* _Task to complete_
Return every line of the data below exactly, but do not include the images.

* _Available data_
^^^^^^^^^^^^^^^^

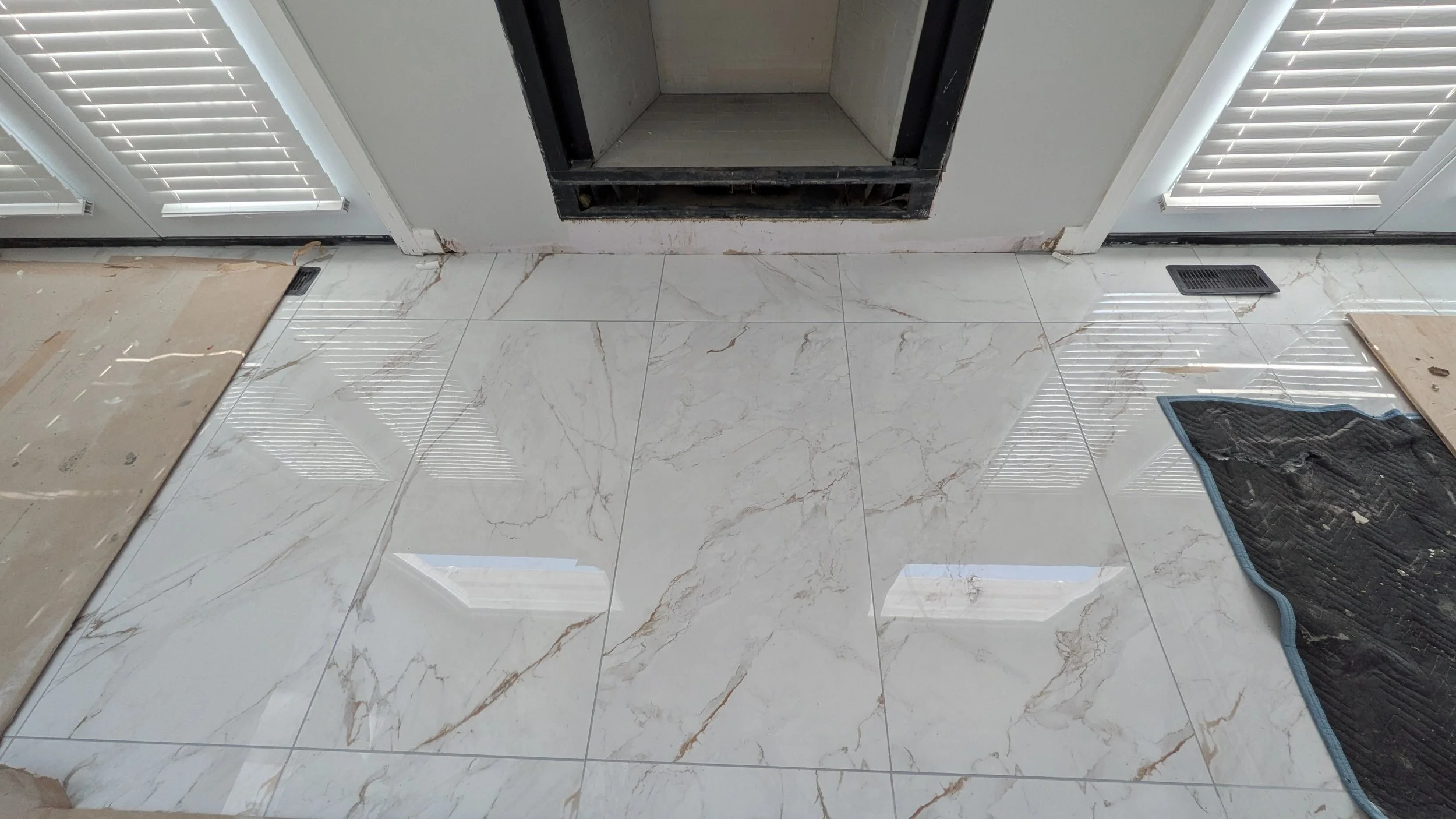 Polished marble floor with two air vents and partially covered area near a door with blinds, and window blinds reflected on the surface.
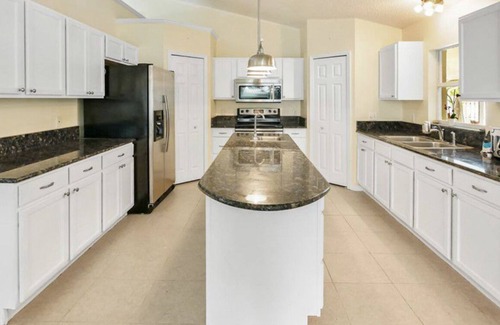 Vero Beach House | Relax at the pool and beach and rental boat available close by
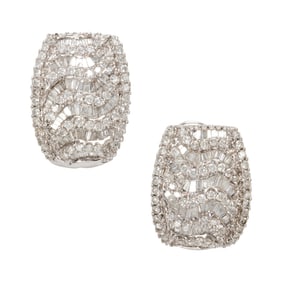 A pair of diamond and 14k white gold earrings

^^^^^^^^^^^^^^^^

* _Solution to the exercise_
 Polished marble floor with two air vents and partially covered area near a door with blinds, and window blinds reflected on the surface.
 Vero Beach House | Relax at the pool and beach and rental boat available close by
 A pair of diamond and 14k white gold earrings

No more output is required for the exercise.